• **DIRECTIONS FOR THIS TASK**
No pictures, no extra lines: copy exactly from the line with "Prise de chargeur" through the end of the entries.

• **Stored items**

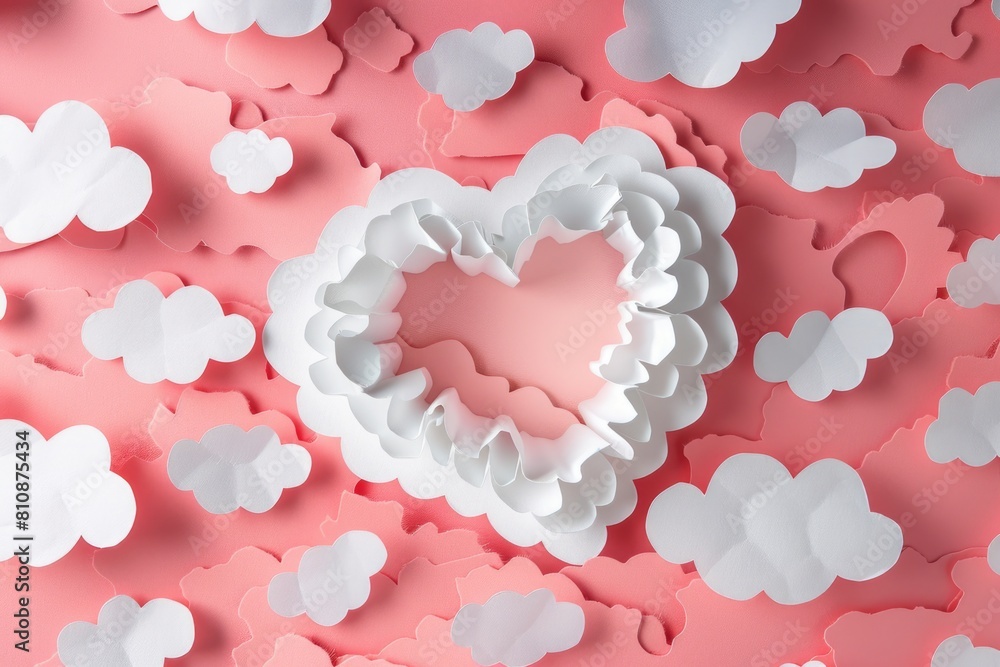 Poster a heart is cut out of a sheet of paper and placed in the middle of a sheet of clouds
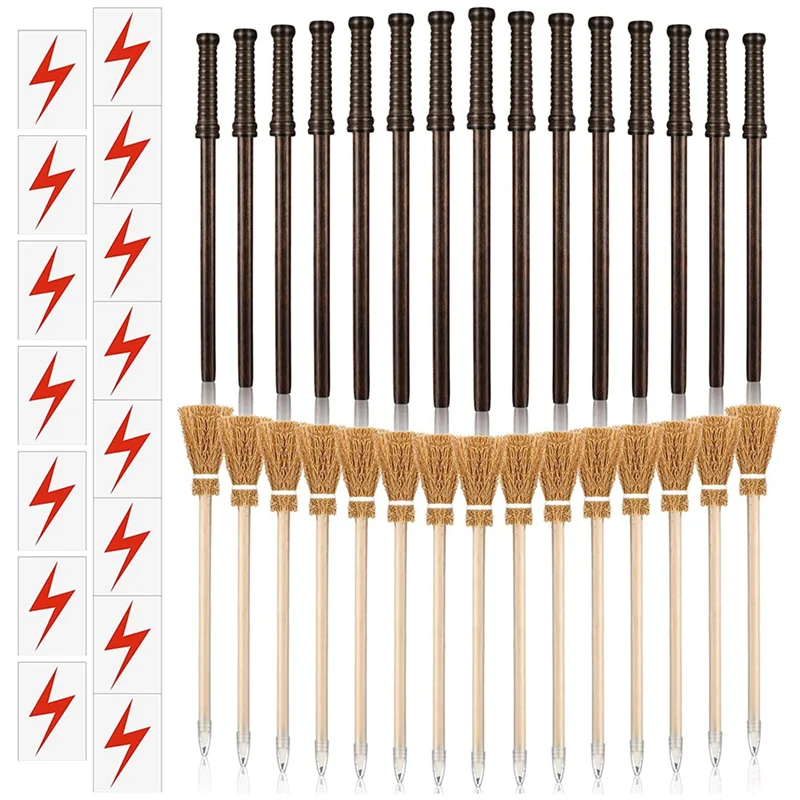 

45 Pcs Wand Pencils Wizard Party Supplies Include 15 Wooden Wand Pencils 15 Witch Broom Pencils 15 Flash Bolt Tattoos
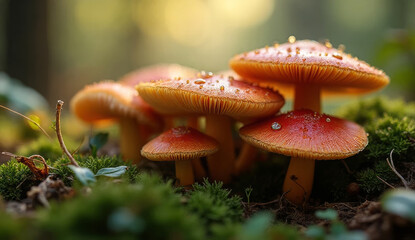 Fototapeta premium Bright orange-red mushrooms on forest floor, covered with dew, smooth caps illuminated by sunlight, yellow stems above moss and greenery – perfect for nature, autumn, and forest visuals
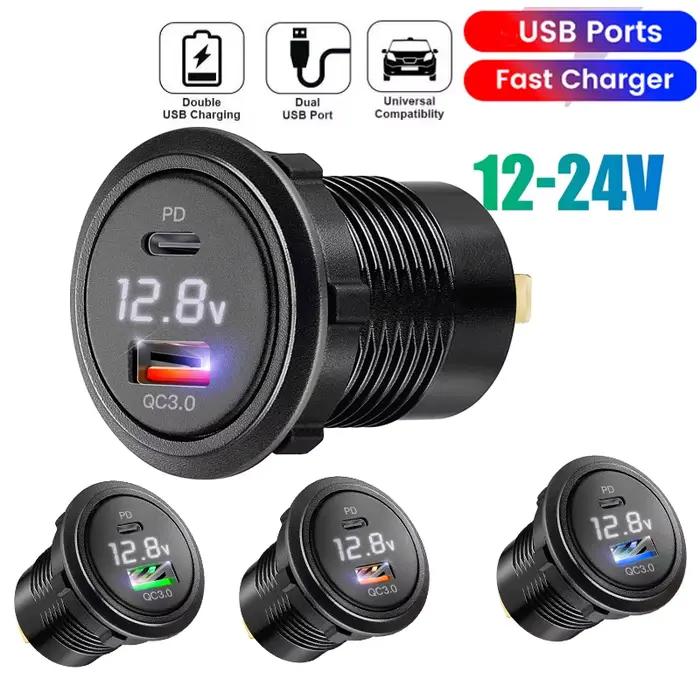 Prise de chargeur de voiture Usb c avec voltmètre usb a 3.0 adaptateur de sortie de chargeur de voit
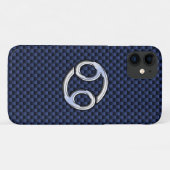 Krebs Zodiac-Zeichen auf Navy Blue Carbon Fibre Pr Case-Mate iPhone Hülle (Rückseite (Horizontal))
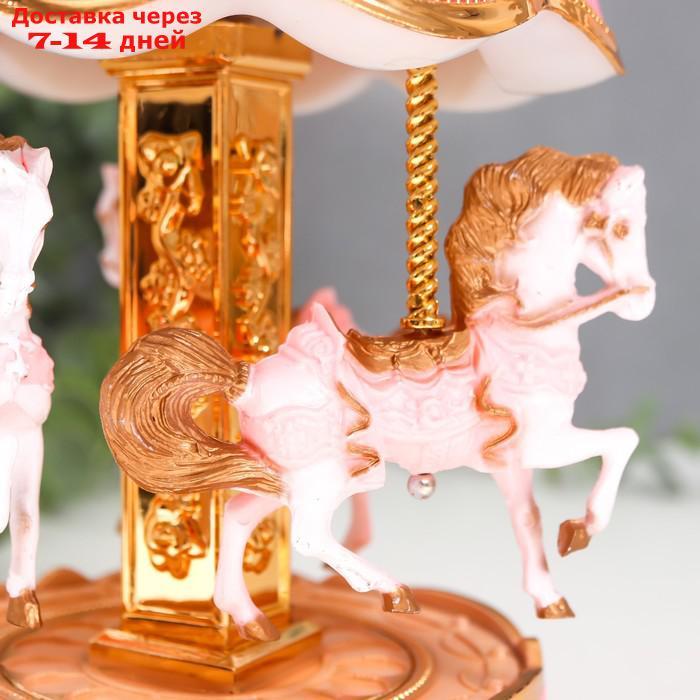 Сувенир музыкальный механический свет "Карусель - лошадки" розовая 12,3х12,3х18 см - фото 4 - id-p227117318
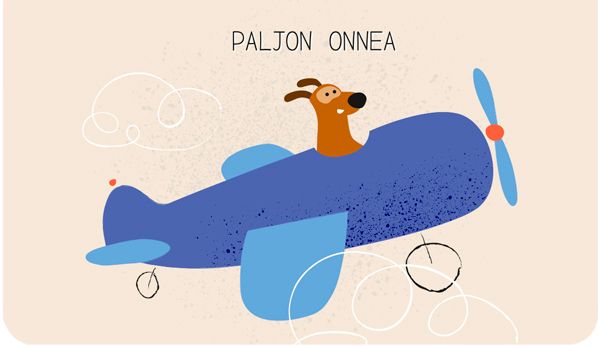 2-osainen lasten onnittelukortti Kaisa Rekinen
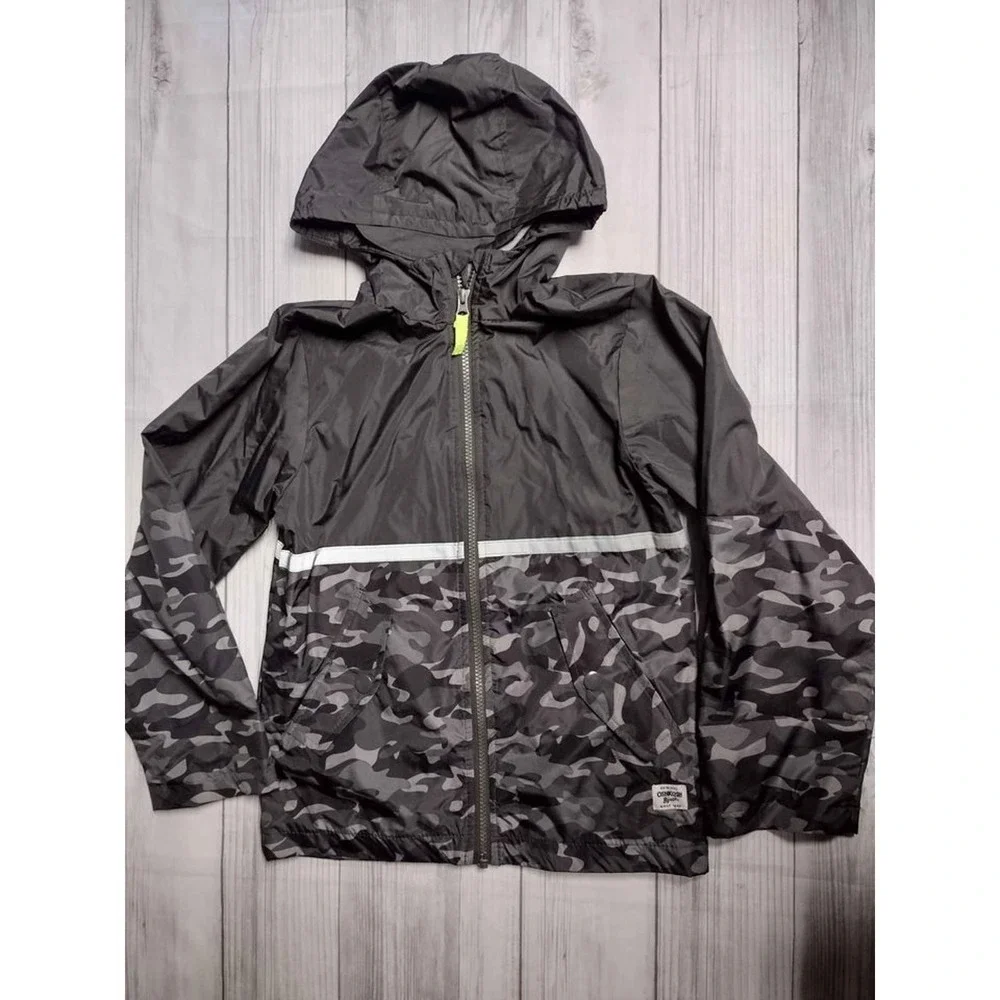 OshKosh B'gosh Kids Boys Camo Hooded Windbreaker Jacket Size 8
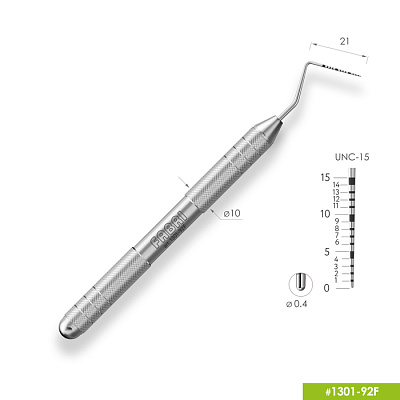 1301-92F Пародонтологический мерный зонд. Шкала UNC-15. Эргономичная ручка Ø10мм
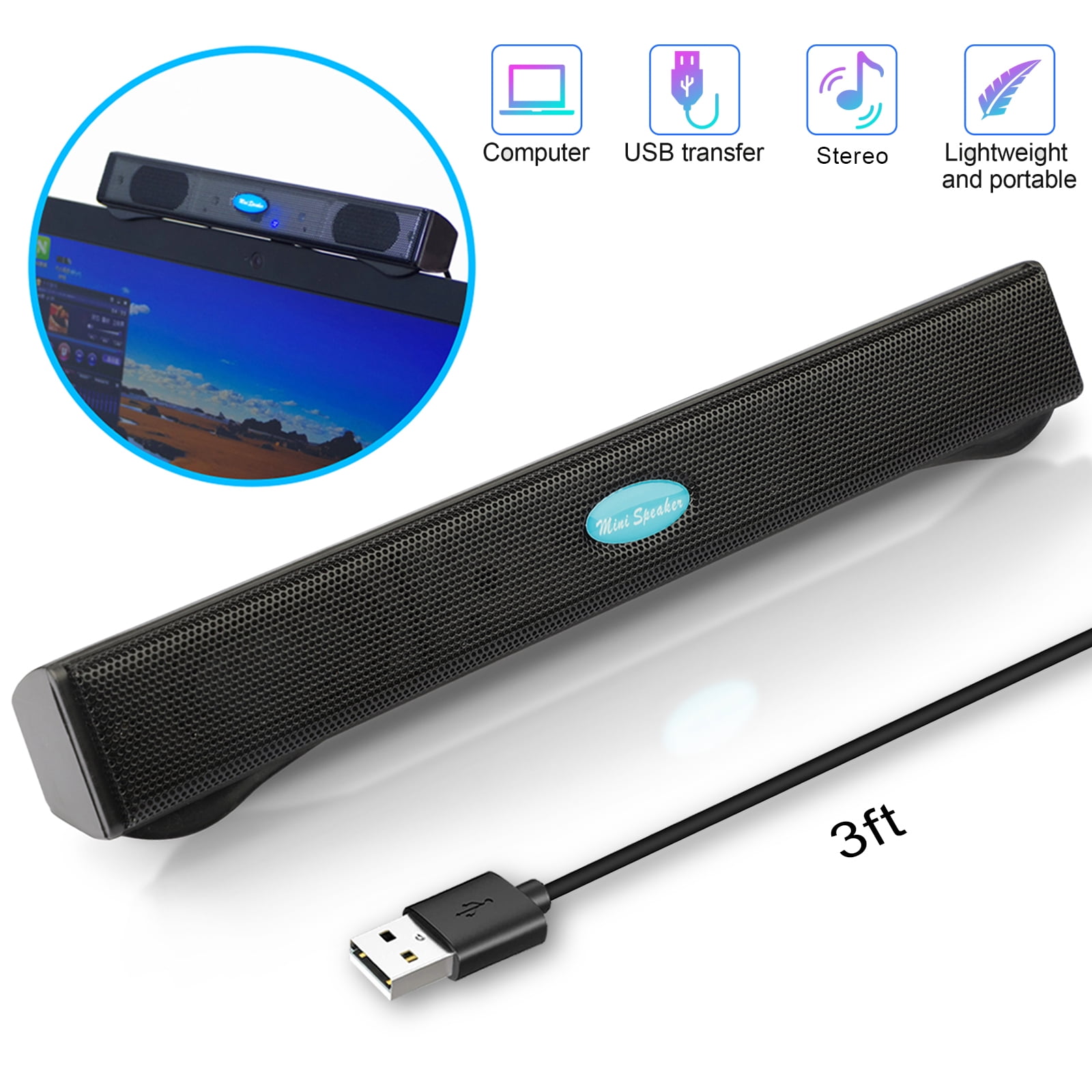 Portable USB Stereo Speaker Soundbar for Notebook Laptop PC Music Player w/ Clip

• **REPLY TO THE TASK**
 Prise de chargeur de voiture Usb c avec voltmètre usb a 3.0 adaptateur de sortie de chargeur de voit
 Krebs Zodiac-Zeichen auf Navy Blue Carbon Fibre Pr Case-Mate iPhone Hülle (Rückseite (Horizontal))
 Сувенир музыкальный механический свет "Карусель - лошадки" розовая 12,3х12,3х18 см - фото 4 - id-p227117318
 2-osainen lasten onnittelukortti Kaisa Rekinen
 OshKosh B'gosh Kids Boys Camo Hooded Windbreaker Jacket Size 8
 1301-92F Пародонтологический мерный зонд. Шкала UNC-15. Эргономичная ручка Ø10мм
 Portable USB Stereo Speaker Soundbar for Notebook Laptop PC Music Player w/ Clip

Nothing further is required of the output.